If I wanted to impress the teenage me, given his Beatles obsession, I’d say, listen, in 40 years’ time you’ll sit next to Paul McCartney and you’ll talk to him for an hour. And you’ll get on with him. When Paul McCartney’s last album [2018’s Egypt Station] came out I hosted a Q&A thing at the LIPA institute he’s got up in Liverpool. I was really nervous about doing that because since I was a kid I’d just thought of him as a mythical figure. That’s happened to me a few times. I got to work with Scott Walker. I interviewed Leonard Cohen, who’d always been such an influence on my songwriting. I don’t agree with that thing that people say, don’t meet your heroes. You’ve got to because then you realise they’re just people like you.

When I was 16 I didn’t move at all on stage, I was just petrified. Then, at a concert in a pub on the 9th of October 1980, my exercise book tells me, my guitar amp broke and I just had this big freakout, basically just a tantrum. I just kind of
rolled around on the floor. And people clapped at the end of it. I wrote in my diary, “freak-out on my part, enjoyable”. And I realised performance isn’t just about playing the right notes in the right order. It’s actually about acting it out. And gradually over the years I just kind of evolved. I enjoy being on stage. That’s my little kingdom. You have total control, you’ve got everybody’s attention because you’re playing over really loud equipment, and it’s your chance to really do your thing.

Because we had that John Peel session so early on we thought, this is going to be a piece of piss. And then it was just a gradual long period of disillusion which unfortunately coincided with Margaret Thatcher. It was just like, whoa. As soon as the Eighties really got going it was like, this is really shit now. Cities were falling apart. It just got to be not fun. There were loads of times I thought, what the fuck, I should have gone to university. I thought I’d made a mistake, taken a wrong turn. Our album from that time, Freaks, kind of depresses me because it reminds me of a time when things were not working out. I was coming to the end of my first serious relationship. We had almost no money to make an album. It felt terrible to let that ambition, that I’d cherished from such a young age, die. But I really did think it was over and I’d have to seek a new career in a new town, as David Bowie said. But I kept going and hoping and eventually, towards the end of the Eighties, [the single] My Legendary Girlfriend got a good review in the NME and we made a breakthrough.

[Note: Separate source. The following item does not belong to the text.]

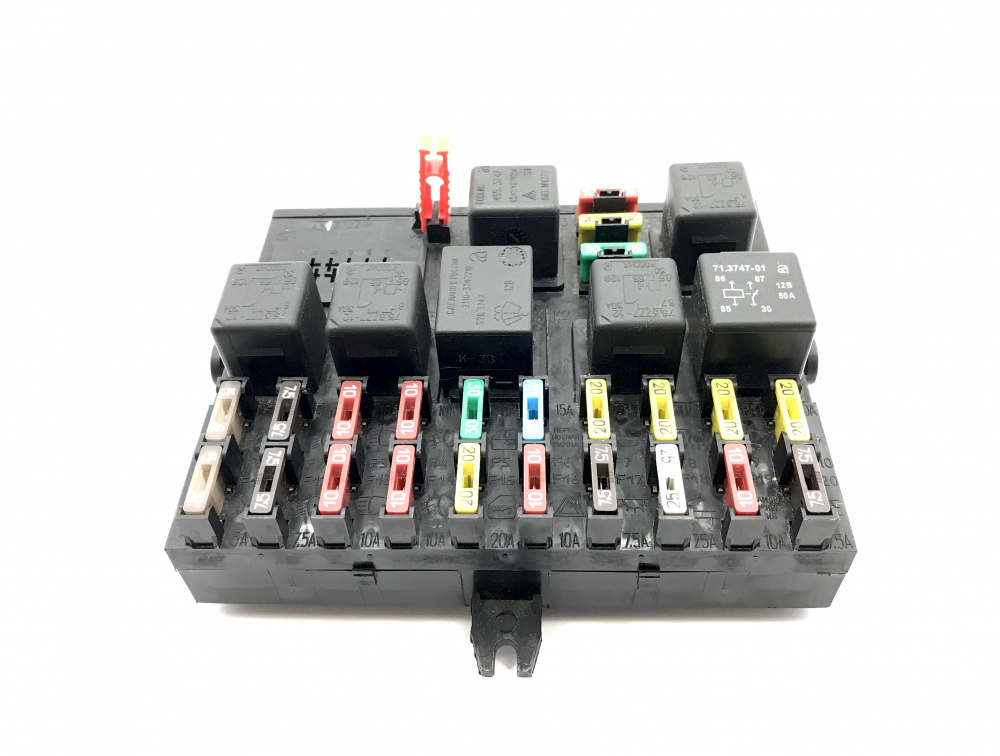 Блок предохранителей УАЗ-3160, арт. 431-3722М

After going through all the Britpop thing and especially the Brits thing [in 1996 he invaded the stage during a Michael Jackson performance] people thought I was some kind of shock jock. And that’s not what Pulp were about at all. That one moment propelled us into this other world. We had come out of the independent music scene, with roots in punk from when I was really young. We came from an alternative place. And then we got shoved right slap-bang into the middle of the mainstream. And we realised that it’s very intense there, and you’re mixing in a world that doesn’t share any of your values. That’s what made me feel so uncomfortable.

There are two moments I’ve been most proud of on a stage. One was playing at Glastonbury in 1995 when everybody sang Common People. That was kind of a crazy moment, when we realised that this fantasy had come true in some way. Then after Pulp got back together in 2011 and we played at Radio City Music Hall in New York, this incredible kind of Thirties palace… it felt like those formative dreams I’d had as a kid had probably been premiered in a place like that. I think Bowie did a famous concert there where he was lowered on to the stage at the start and it was just amazing. It seemed like I was going back to the source of a lot of my early dreams. And for Pulp, it felt like we’d finally got back to where it all came from.